HSS today announced its financial results for the 15 months ended 31 March 2025. THSC's adjusted profit before tax for the 15 months ended 31 March 2025 was £(9.6) million and gross assets at 31 March 2025 were £99.7 million. The THSC segments (being THSC and its direct and indirect subsidiaries) adjusted profit before tax for the year ended 30 December 2023 was £8.3m.

The THSC legal entity's profit before tax for the year ended 30 December 2023 was £4.7 million and gross assets were £199.4 million. The £1 consideration is being satisfied in cash.

Overview of THSC

THSC, formerly known as HSS Operations, provides building-related tools, equipment and powered access via its extensive nationwide network of over 130 locations. THSC is dedicated to delivering a personable hire service to over 9,500 end customers across the UK, including tradespeople, facilities management and construction companies.

Background on Bidco

Bidco is a newly incorporated company, incorporated for the purposes of the acquisition of THSC by funds managed by Endless LLP, a UK based private equity fund manager. The acquisition of THSC is supported by the Enact Funds (being funds managed or controlled by Endless LLP) which invest in UK based small and medium sized businesses.

THSC SPA

On 6 October 2025 Hero, HSS and Bidco entered into the THSC SPA for the sale of the entire issued share capital of THSC to Bidco.

The THSC SPA is conditional on, inter alia (i) the CMA Condition being satisfied, (2) the passing of the Resolutions, (3) HSS and Speedy Hire each releasing an announcement in accordance with the AIM Rules and/or the Listing Rules, (4) the Speedy Hire Commercial Agreement becoming unconditional, (5) the Speedy Hire APA becoming unconditional, and (6) Admission taking place.

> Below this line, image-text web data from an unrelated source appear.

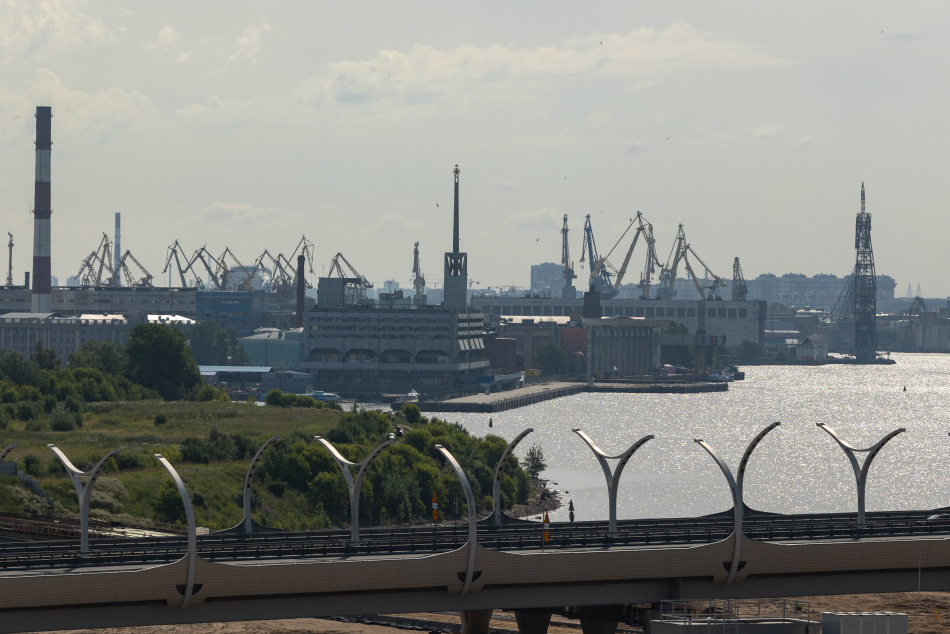 В Петербурге собираются реконструировать Морской вокзал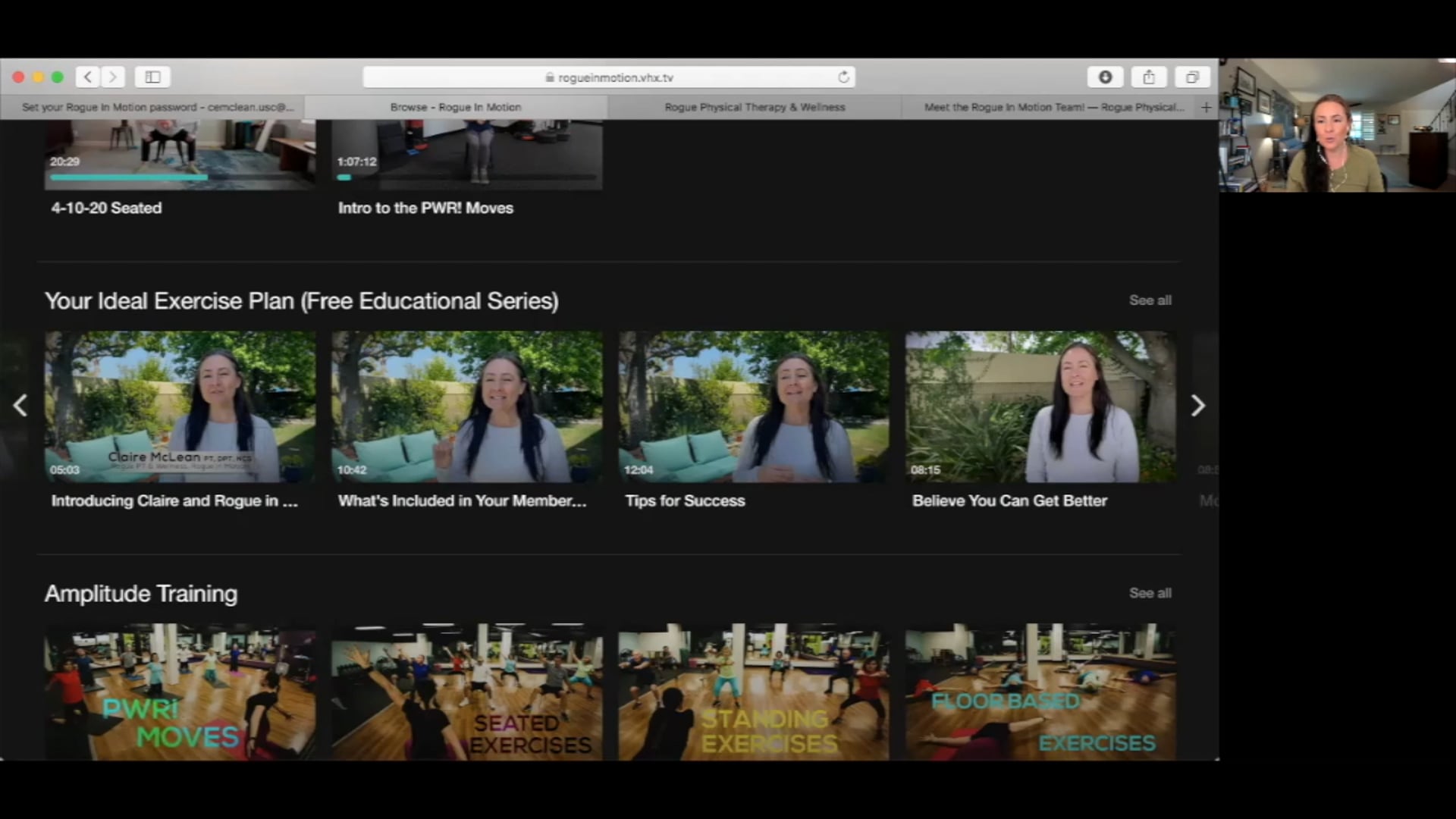 RIM Tour - Online Members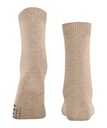 Chaussettes dame laine&cachemire FALKE "Cosy Wool" 47050 - Beige Mel. 4091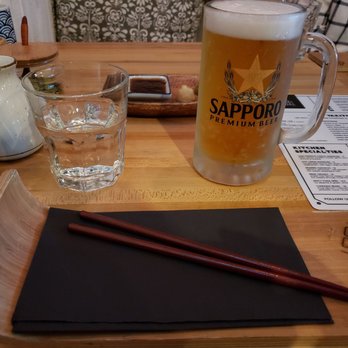 Oak & Coal - $10 Sapporo pitchers at happy hour - Japanese Near Me - Costa Mesa, California Oak & Coal - $10 Sapporo pitchers at happy hour - Japanese Near Me - Costa Mesa, California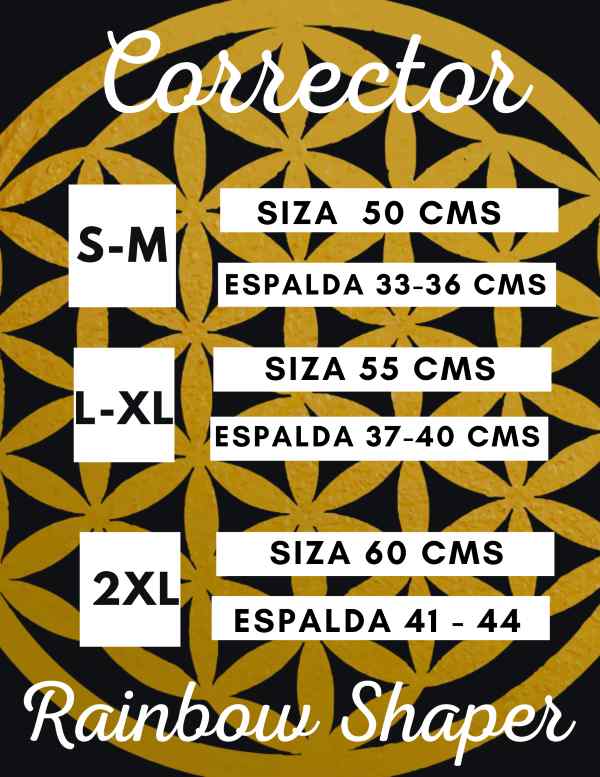 Guias De Tallas | Tienda Rainbow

Other key terms of the THSC SPA are as follows:

1. Bidco will acquire the total share capital of THSC from Hero for £1, with HSS providing a Seller Contribution of £26.0 million to Bidco to facilitate separation and restructuring of the THSC business;

2. Each of HSS and Hero have agreed to give customary fundamental warranties in respect of capacity, authority and solvency and the Seller has given fundamental warranties relating to its ability to transfer the shares free from encumbrances; 

3. Hero has agreed to give certain business warranties in respect of THSC, including in respect of property and employment arrangements;

4. Customary cross-indemnities have been given by each of Hero and HSS and Bidco in respect of the release of any cross-guarantees between the Group and THSC and its subsidiaries;

5. HSS has agreed to pay a break-fee of £450,000 (plus any irrecoverable VAT) if the THSC SPA is terminated by Bidco as a result of failure to satisfy the conditions and/or certain fundamental breaches by the Seller;

6. the SPA may be terminated by Bidco in limited circumstances such as breach of fundamental warranty, breach of certain material interim operating covenants and failure of Hero to satisfy the conditions; and

7. The THSC SPA contains an anti-embarrassment provision, under which Hero will be able to recoup up to £16 million of the Seller Contribution following completion of the THSC Disposal if Bidco disposes of the THSC business or enters into a similar transaction under which the Enact Funds extract value from the THSC business (including with respect to any merger, investment or recapitalisation) within 12 months following completion of the THSC Disposal.

Hero has agreed to customary interim operating covenants in relation to the operation of THSC's business between the date of the agreement and completion of the THSC Disposal.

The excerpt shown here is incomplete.